Лелька выходит, не взглянув на меня. Это потом я узнаю, как ее допрашивали на Гороховой, читали мои показания о «террористических разговорах» с ней во время убийства Кирова. А когда Лелька таких разговоров вспомнить не могла, ее заперли в комнате и пригрозили, что не выйдeт оттуда прежде, чем не «вспомнит». Она просидела там до позднего вечера и в конце концов «вспомнила».
Ну а если бы «не вспомнила»? Изменило бы это мою судьбу? Вряд ли. А ее? Она была уже на последнем курсе химического института, комсомолка. Могу ли я осуждать Лельку? Тем более что сама, по собственной глупости запутала ее в свое дело.
Через многие годы, после реабилитации, мы с ней снова сблизились, конечно, не так, как в дни нашей юной дружбы, но моего дела и суда никогда не касались. И про жизнь мою в лагерях она тоже ничего не хотела слышать.
Следующим свидетелем оказался Гладкий, мой бывший начальник на маршруте «Беломорканала». Там он превозносил до небес мои экскурсоводческие и литературные таланты, дружески болтал со мной при каждой встрече и чуть ли не умолял на будущий год ехать только на его маршрут. В конце сезона он рекомендовал меня на курсы усовершенствования экскурсоводов.
Здесь Гладкого как будто подменили. Он держал себя уверенно и развязно, не стесняясь, смотрел на меня в упор. Ведь он и сам был прокурор!
— Федорова была отличным экскурсоводом, — заявил он. — Поверьте, товарищи судьи, что если бы она в своих лекциях (а я их контролировал) допустила хотя бы один антисоветский выпад, то оказалась бы здесь год тому назад.
У меня кольнуло в сердце от дурного предчувствия…
Гладкий продолжал:
— Но вот просматривал я гранки туристического справочника, который было поручено составить Федоровой, и взяли меня сомнения… Было ли это простым недопониманием? Вот тут есть место… Разрешите зачитать?

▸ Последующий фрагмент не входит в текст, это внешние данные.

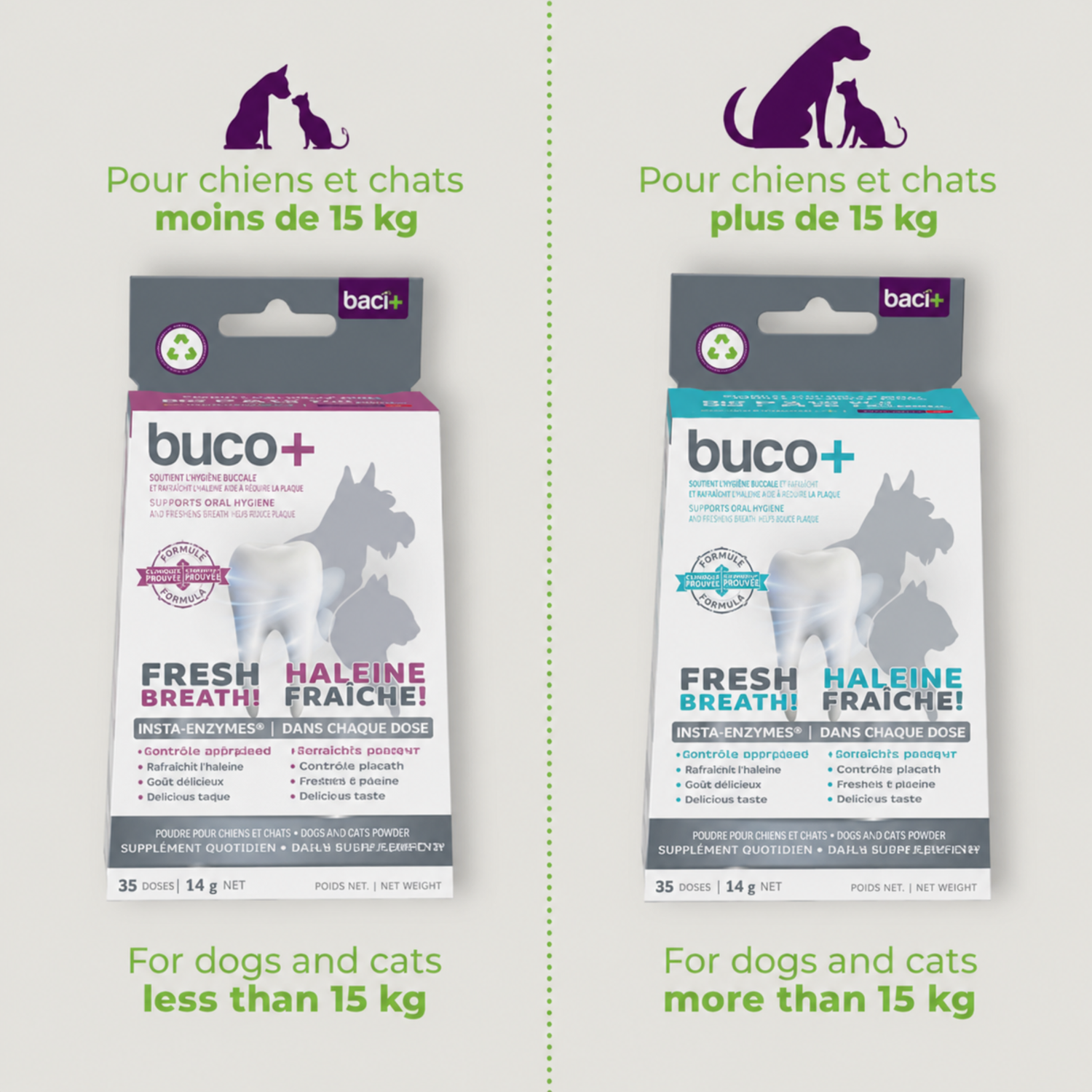 baci+ buco+ Soins Dentaires pour Chiens ou Chats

Ему разрешают, и он зачитывает что-то насчет сооружения канала, о какой-то пострадавшей деревне, целиком затопленной, жителей которой пришлось переселить в другие места.
— Тут явно чувствуется нездоровый душок: сочувствие мелкообывательскому крохоборству. Я в рукописи отметил. И еще есть несколько таких скользких местечек и мыслей. Справочник должен подлежать солидной, очень солидной переработке и, скорее всего, вообще не выйдет.
Очень довольный своей бдительностью и дальновидностью, мой «свидетель» также поведал суду о том, что Федорова ратует за «врастание кулака в социализм», что она пыталась «протащить» эти идеи… в справочник для туристов, но он, Гладкий, вовремя это заметил.
Я была поражена, увидев вместо добродушного и всегда доброжелательного Льва Самуиловича совершенно другого человека… Таков был мой второй «свидетель», на которого я ссылалась как на человека, который может заверить, что я не способна быть преступницей!
Гладкого отпускают, не спрашивая меня, согласна ли я с мнением свидетеля.
Приглашают третьего и последнего — Ганина.
«Вызвали! Слава Богу!» В моей душе снова вспыхивает надежда. Но для того, чтобы понять почему, сначала надо рассказать о том, кто такой был Ганин, и опять совершить экскурс в далекое прошлое…
Я встретилась с ним в тот самый год, когда в «Артеке» впервые открылся пионерский лагерь и когда мы с мужем, юные, влюбленные и счастливые, свободные от житейских забот, бродили по Южному берегу Крыма. Мы случайно попали в «Артек», влюбились в него и, найдя в парке, поблизости от лагеря, великолепную беседку, похожую на боярский домик с башенкой и балконом, парящим над острыми верхушками кипарисов, никого не спрашивая, поселились в ней.
Рассказывали, что ее бывший владелец — Винер — вывез эту беседку с Парижской выставки. Теперь она стояла, совершенно заброшенная, на уступе скалы, на поляне, окруженной кипарисами и ливанскими кедрами. Только что открывшийся детский лагерь был результатом забот и хлопот добрейшего пожилого доктора Федора Федоровича Шишмарева. Это был поистине благословенный уголок страны, с тенью терпентиновых рощ и ароматом магнолий, с морской синевой под жарким южным небом.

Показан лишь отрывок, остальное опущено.